I'll be in class at 4 p.m. trying to creep on some hotties in the MIDI lab, so I need y'all to go for me. Other than that, I'll see you tonight. In your dreams.

'stina

Monday, August 11, 2008

CAN HAZ HIPSTER EXPLOSHUN IN ENCINITAS?!

Oh man, I fucked up with that last post. Shit is incoherent. I was really tired and wanted to post about that Ok Go video before I had to go stand around and get paid to let cougars/old people/baby hookers be really fucking rude to me all day. Bitter, party of one? A thousand times yes.

I was going to stick my tail between my legs and slink away for a day or so, but there has been a lot of hubub about some shit at the Saloon in Encinitas and I couldn't figure out what in candy mountain's name it was. Until Gabe Vega posted a bulletin on the 'space with a video in it. DUN DUN DUNNNNN. The stupid invasive video-ing style reminded me that there was a dude at the Saloon one time dragging around a moderately expensive looking video camera with a stupid-ass wide-angle lens filming people. At around 2:14 you can see Abby on the phone, Jenni covering her face and me scowling and throwing up what is globally known as the Guido gesture for "WTF DO YOU THINK YOU ARE DOING?!"



I recall yelling something at the dude about being a union member and him requiring a release form to film me. UR THREATS, THEY R NOT WORKINS. Anyhoo, according to the flier and shit posted with the video, this event aptly named "The Good, The Bad and The Dirty" appears to be some sort of burfday bash and also the first of many "Industry Nights." I don't know what an industry night is but I'm pretty sure I don't want to find out. When I say that, I mean I'll probably be there. Vega usually plays pretty good shit. It's going to be the masses of other people there that I will have a problem with. With that said, I might just be stomping around my house with a heating pad listening to old Saetia records. Coin toss. If I'm there, I'll sign your tits.

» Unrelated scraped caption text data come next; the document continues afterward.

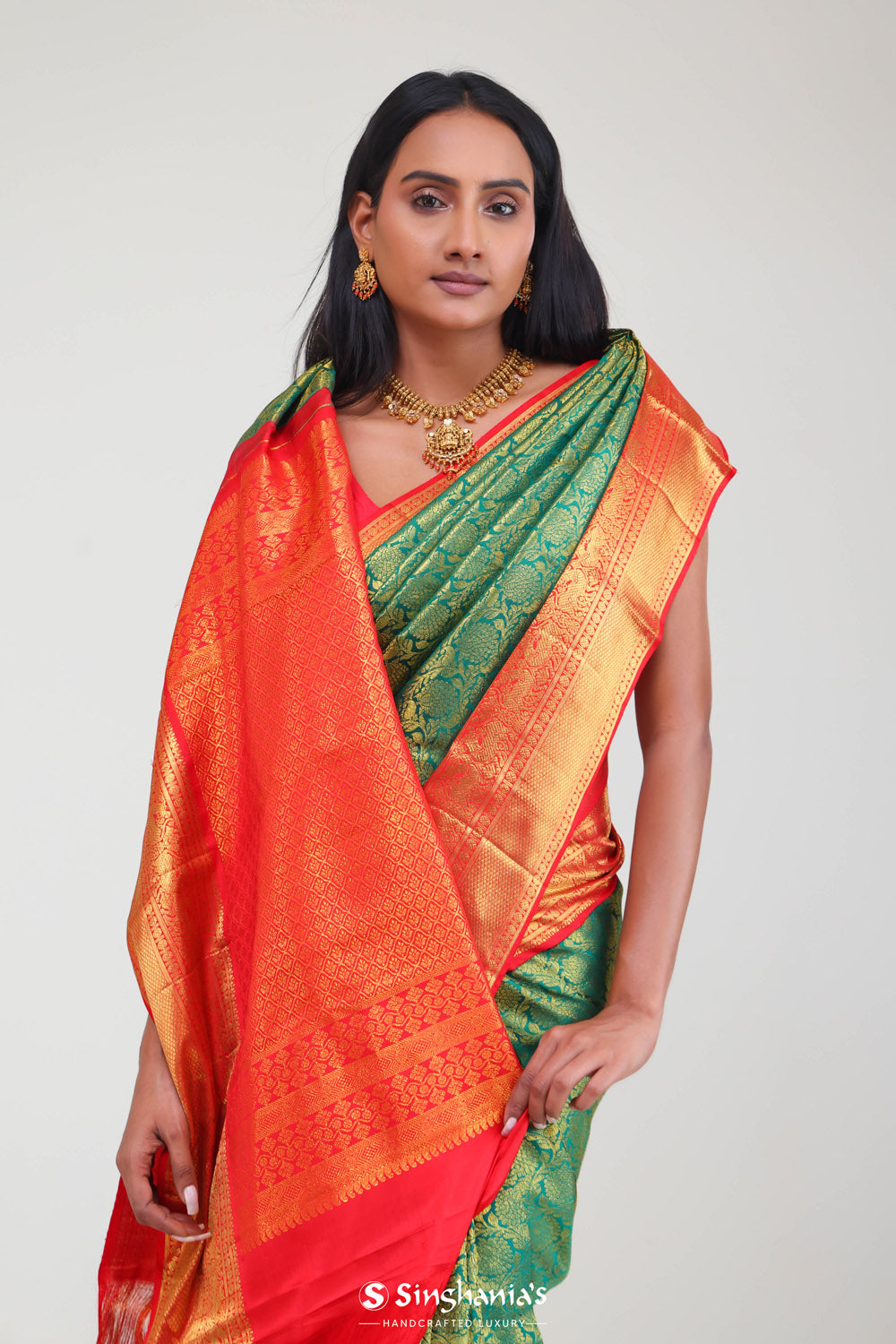 Persian Green Kanjivaram Silk Jaal Saree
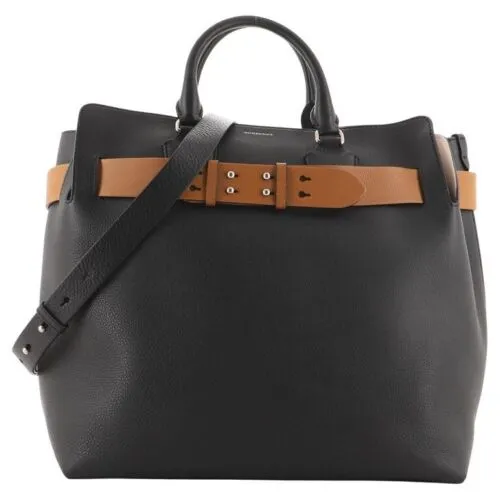 Burberry Baby Triple Stud Leather Belt Tote Bag Top Handle Black Handbag NEW
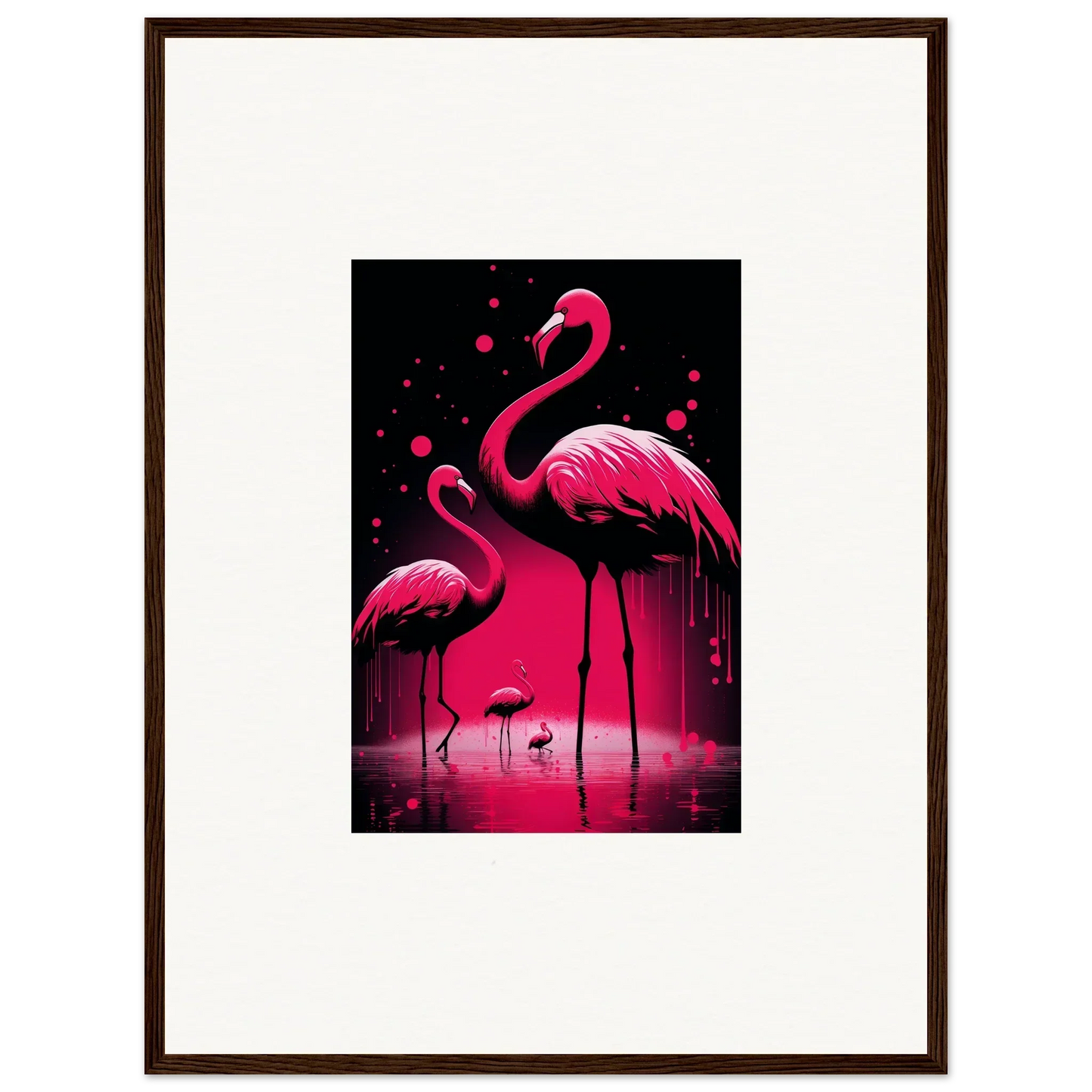 Vibrant pink flamingos in water adding a pop to your room with this canvas print of Feather Wanderers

Some Natures Catch No Plagues,

'stina.


p.s. I tagged this post "bitchfights" because Megan once got in a bitchfight at the Saloon after having her cocktail jostled and if we go tomorrow night there is a 97% chance we will get in a bitchfight. Put your money on us.

Saturday, June 21, 2008

I'm a wolf

Last night 'Stina and I attempted to see Sea Wolf at the Casbah. They fucked up man. They got big enough to sell out the Casbah. Just kidding, we're not that snobby. Well, not all the time. So how about a video followed by a hypothetical concert review? Sounds good to me too.

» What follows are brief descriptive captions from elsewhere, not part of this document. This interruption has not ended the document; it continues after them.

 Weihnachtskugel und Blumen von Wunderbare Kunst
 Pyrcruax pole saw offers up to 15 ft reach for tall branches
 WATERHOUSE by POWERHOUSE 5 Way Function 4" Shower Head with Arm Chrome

I'm guessing their show is a lot like this but with more of us struggling to see past the tall people who always insist on standing in the front and never ever offer us piggyback rides. I'm guessing that they are foxier in person and we would have been pretty excited about that because objectifying dudes is fun.

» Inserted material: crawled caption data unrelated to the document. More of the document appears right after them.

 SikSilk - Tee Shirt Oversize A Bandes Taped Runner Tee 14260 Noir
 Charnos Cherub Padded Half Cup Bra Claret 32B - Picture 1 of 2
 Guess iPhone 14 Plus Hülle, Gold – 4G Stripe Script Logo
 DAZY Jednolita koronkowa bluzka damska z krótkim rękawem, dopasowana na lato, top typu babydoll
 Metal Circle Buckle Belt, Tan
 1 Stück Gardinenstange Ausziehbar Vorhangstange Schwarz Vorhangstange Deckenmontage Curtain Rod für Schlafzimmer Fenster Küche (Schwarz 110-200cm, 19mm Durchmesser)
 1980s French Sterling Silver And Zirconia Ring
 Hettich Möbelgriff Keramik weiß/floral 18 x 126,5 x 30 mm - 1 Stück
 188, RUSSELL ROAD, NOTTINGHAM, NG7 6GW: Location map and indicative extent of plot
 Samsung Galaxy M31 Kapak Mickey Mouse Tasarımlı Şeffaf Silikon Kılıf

We would have gotten really excited about the jealous girlfriends because we're going through a phase where we get really excited about synthesizers and whispery femme vocals and Stina would find some cool technical shit to say. I'm really digging on their song "Roboxulla" right about now.

Patrick Park also played, you can sample them here at their myspace. Pretty similar to Sea Wolf. "Here We Are" stands out to me because I like finger picking. That's what she said.

I was on DD (designated driver, not boob) duty, and let's face it, I was in a shitty mood yesterday, so I probably would have bitched a lot about my feet hurting and made snarky comments. I'm guessing one of us would have had an unpleasant run-in with an acquaintance or worse.

And all of these things would have been preferable to what actually happened: we drove back to north county, rescued our friend Devin from the cougar den and I got in a total bitch fight because some peroxide blonde chick jostled me and spilled my cocktail all over my arm and then talked shit on me to her boyfriend like seriously, one foot away from me. Then I spent the rest of the night being a sad sack, my only saving grace being the snap decision that I was not in fact drunk enough to text. Bad times.